Home SPORTS Two transfers could follow Gerry McNamara from Siena

Two transfers could follow Gerry McNamara from Siena

by Ohio Digital News


Gerry McNamara hasn’t even coached his first game at Syracuse yet, and the recruiting ripple effects are already moving. The question isn’t whether players will follow him from Siena. It’s which ones.

Two names are already circulating, and both make a lot of sense.

Gavin Doty: The Hometown Kid Who Was Born for This

Per WYNT’s Jack Keys: “Syracuse now early, strong favorites to land Gavin Doty, should he throw his name in the transfer portal. Gerry McNamara absolutely loves the kid. Doty loves playing for him and he’s from Fulton — just 30 minutes north of campus.”

It’s hard to draw up a cleaner fit. Doty is a Fulton native who first connected with McNamara through Syracuse’s basketball camp circuit. When McNamara landed at Siena, Doty was one of his first calls. Now McNamara is at the school Doty grew up watching. Some recruiting pitches don’t need much polish.

The player himself is worth getting excited about. The 6-foot-5 sophomore guard averaged 17.9 points, 7.0 rebounds, 2.2 assists, and 1.2 steals this past year, a massive leap from his freshman campaign.

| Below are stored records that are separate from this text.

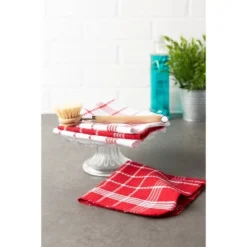 Design Imports Windowpane Waffle Dishcloth Set 12 Piece, 13X13", Red
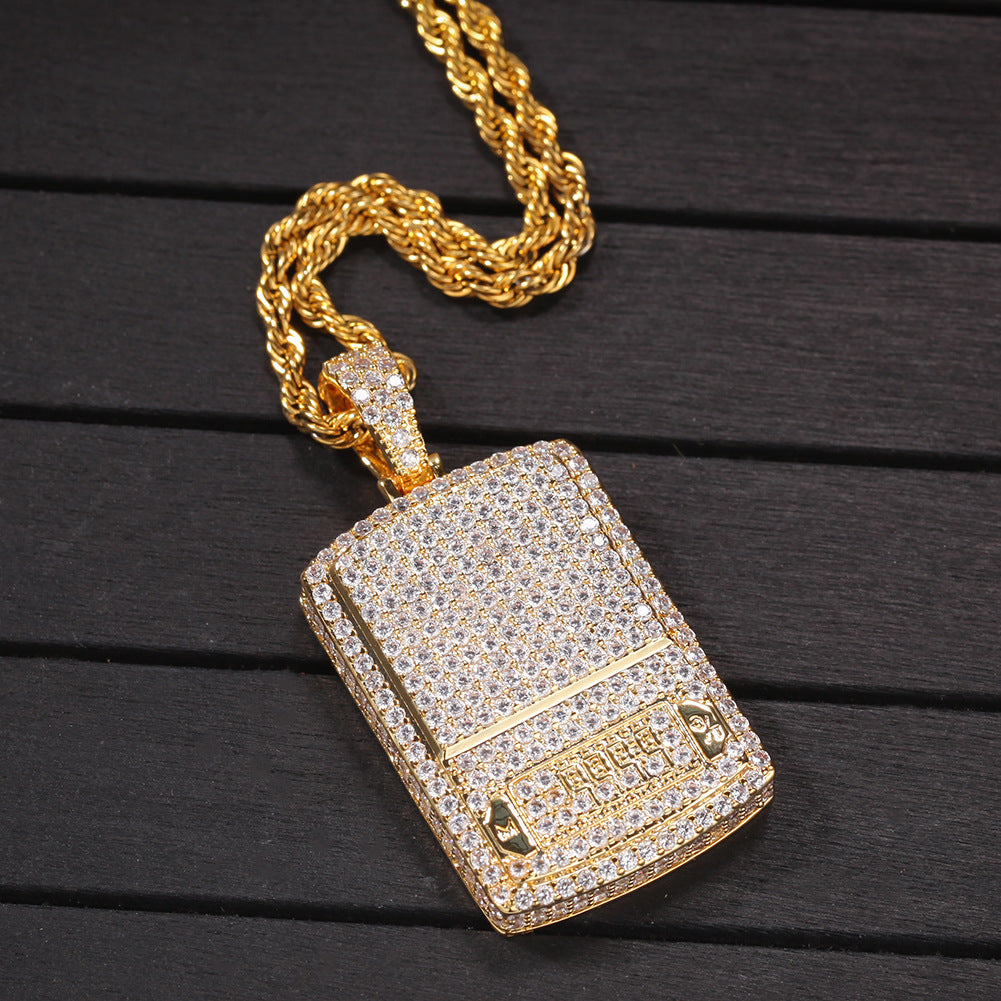 Iced Geometric Rectangle Pendant Necklace for Men and Women – Gold Tone Cubic Zirconia Hip Hop Chain product image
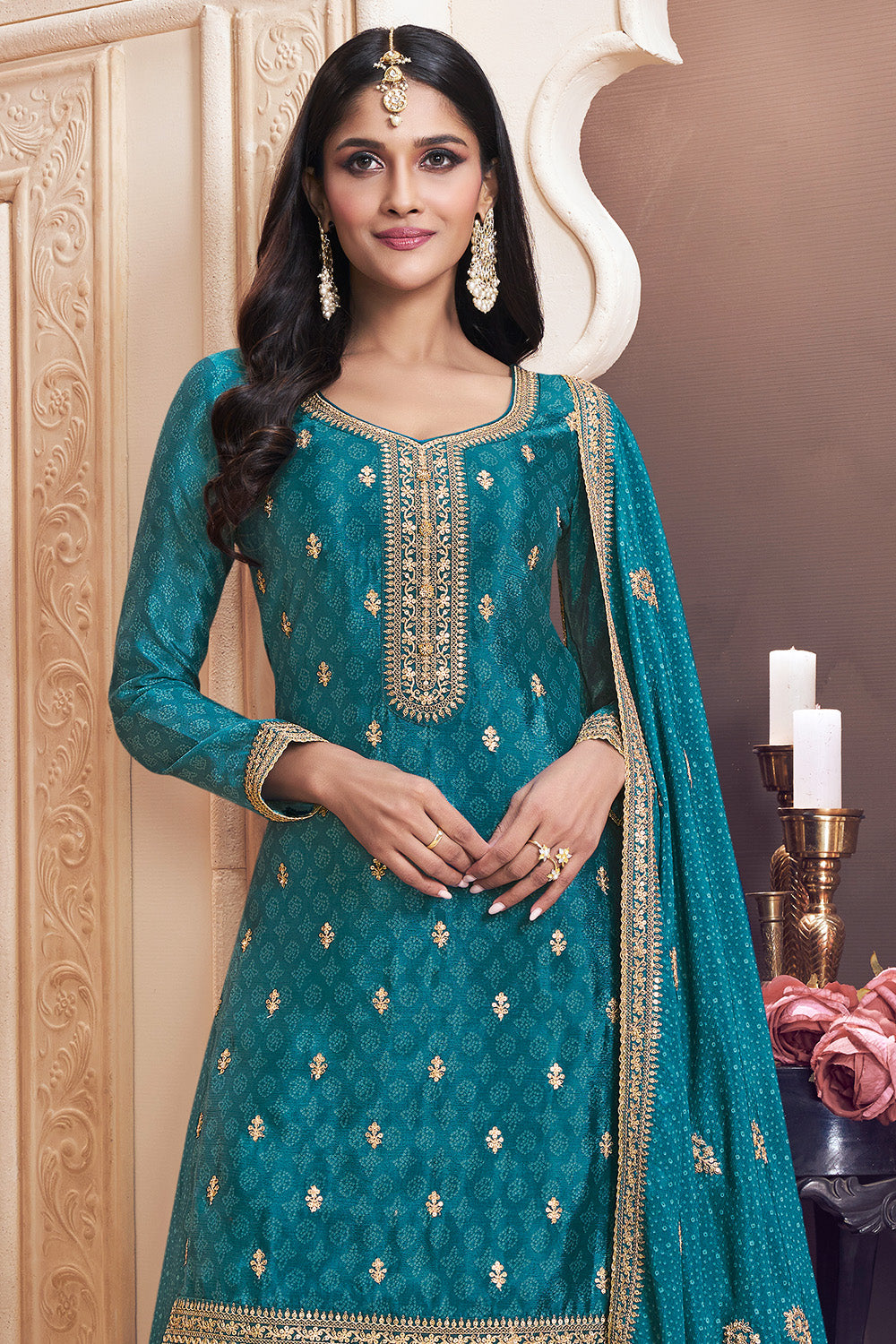 Blue Color Bandhani Printed & Embroidered Crepe Silk Unstitched Suit Material With Readymade Palazzo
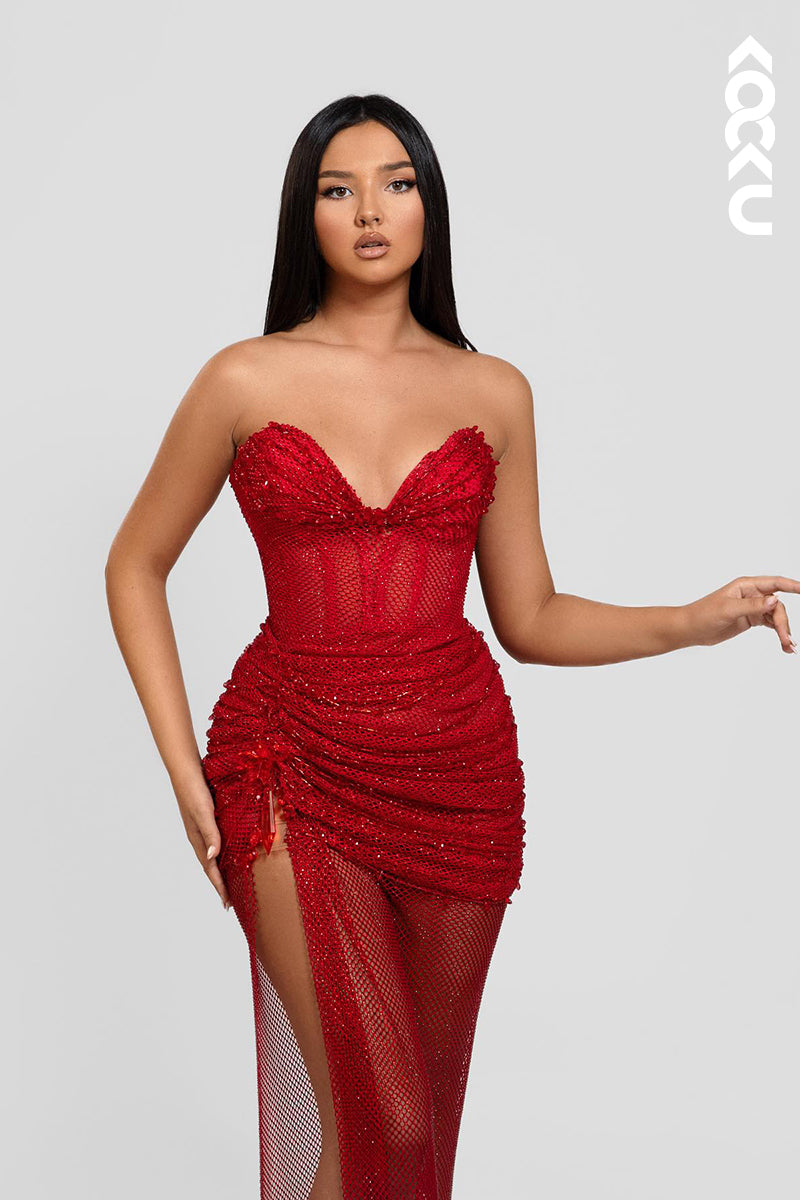 L2743 - Sheath/Column V-neck Sleeveless Sequins Slit Evening Party Prom Dress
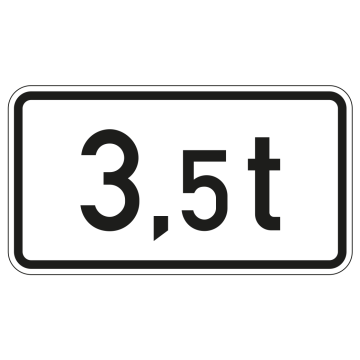 Massenangabe - 3,5 t, VZ-Nr. 1053-55, Flachform, Alu 2 mm, verschiedene Ausführungen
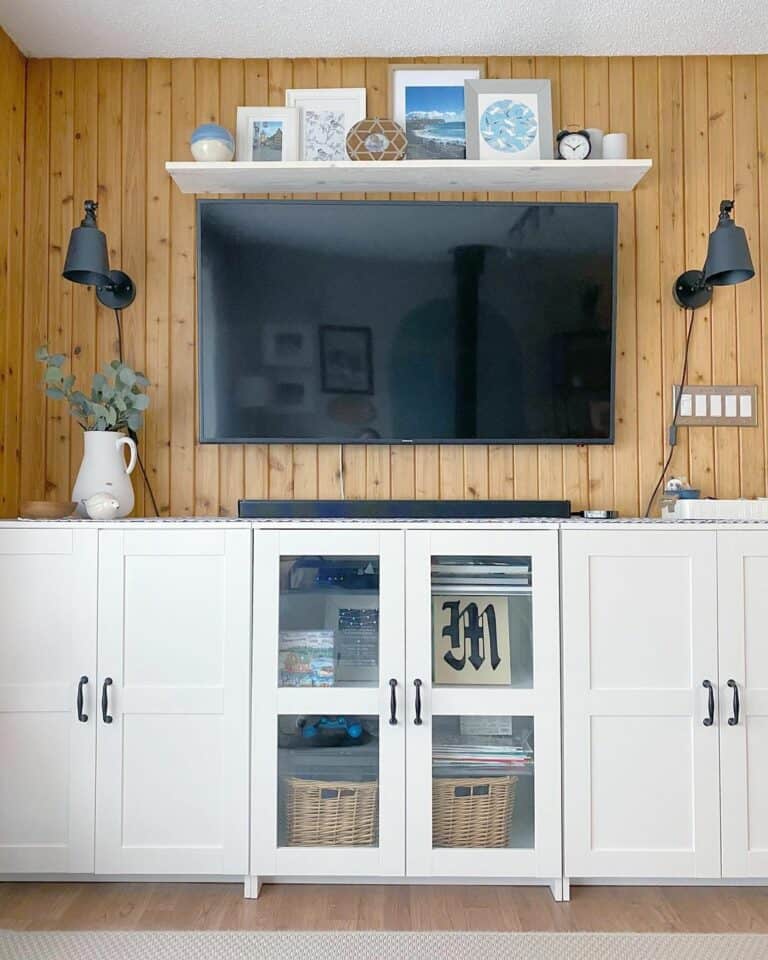 Light Vertical Shiplap Walls in Living Room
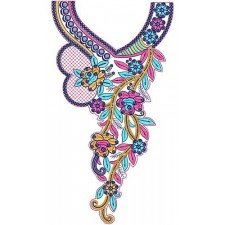 Flower With Sequins Neck Embroidery Design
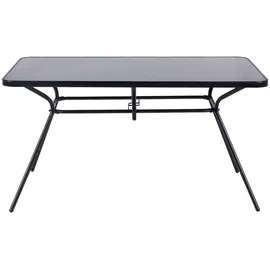 Beliani Gartenmöbel Set Schwarz 6-Sitzer Minimalismus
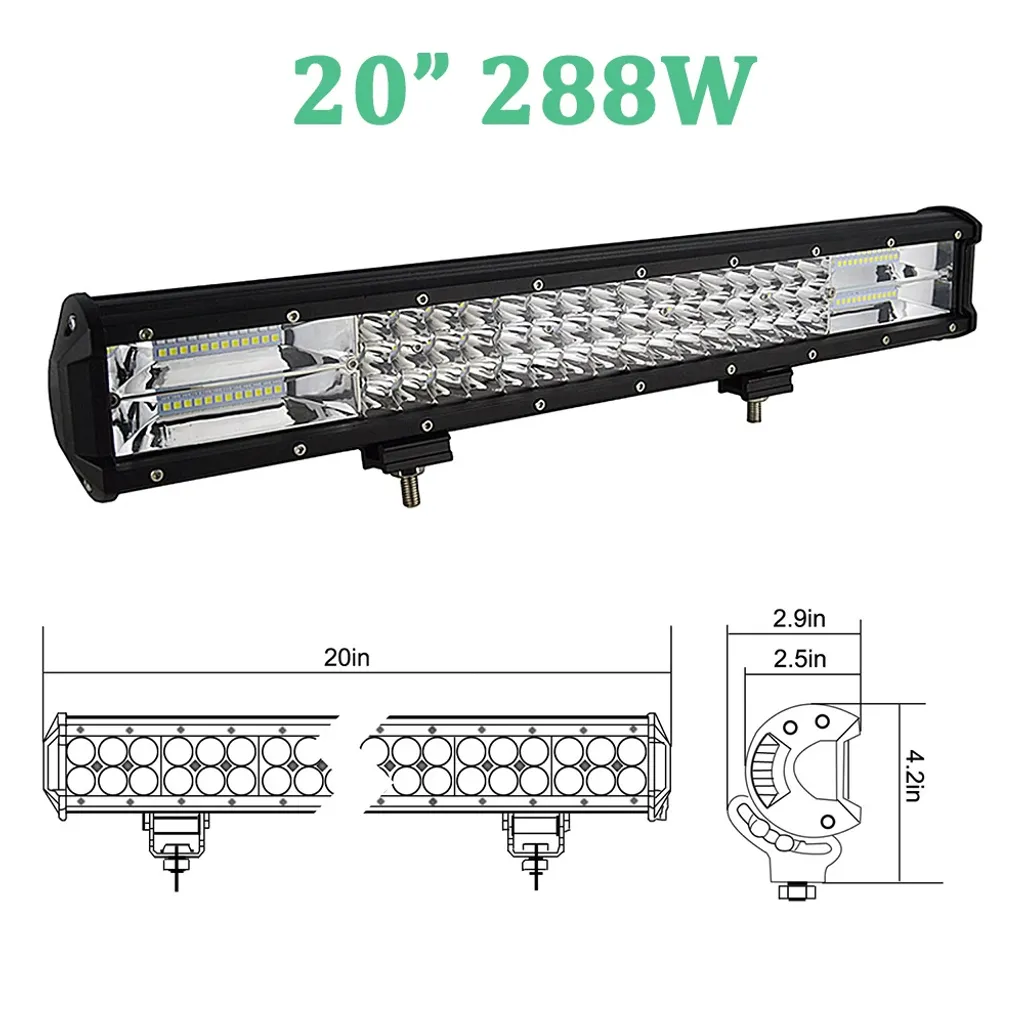 Barre LED 288W 20 pouces haute puissance faisceau combiné pour 4x4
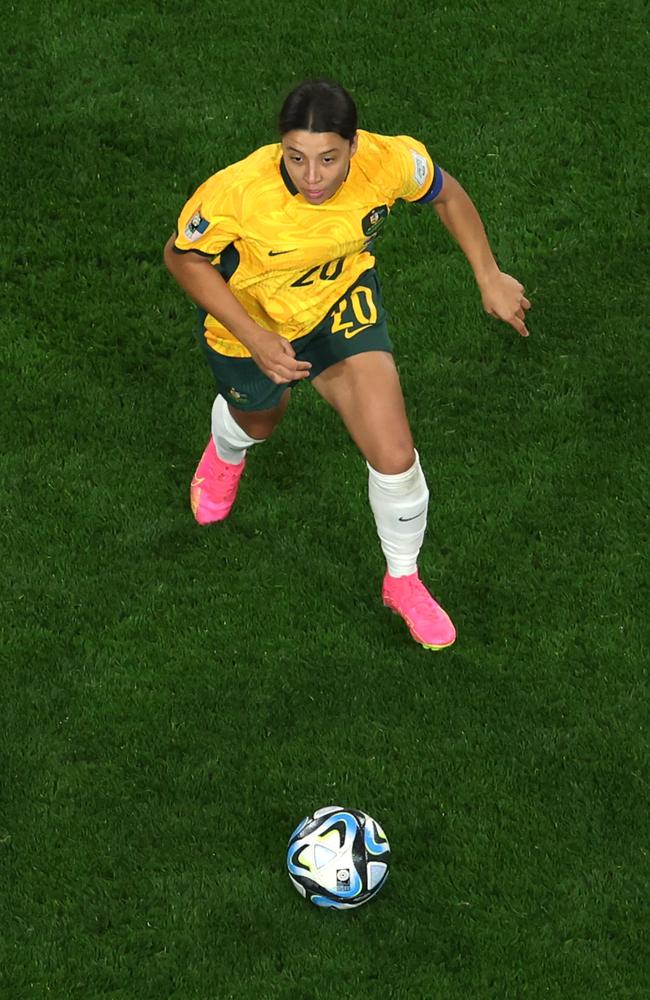The view from above: Aussie superstar Sam Kerr finally with the ball at her feet. Picture: Robert Cianflone/Getty Images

He earned unanimous All-MAAC honors and MAAC Tournament MVP after leading the Saints to the conference title, then put up 21 points against Duke in the NCAA Tournament first round in a game Siena led for long stretches before falling 71-65. 

That performance alone put him on radars he wasn’t on before.

McNamara has described Doty as a kindred spirit rather than simply a player he coaches, someone who competes with the same relentless edge. That kind of relationship travels. 

If Doty enters the portal, Syracuse won’t just be the frontrunner. It will be over quickly.

Francis Folefac: The Freshman the NBA is Already Watching

Doty is the headliner. Folefac might be the more interesting long-term story.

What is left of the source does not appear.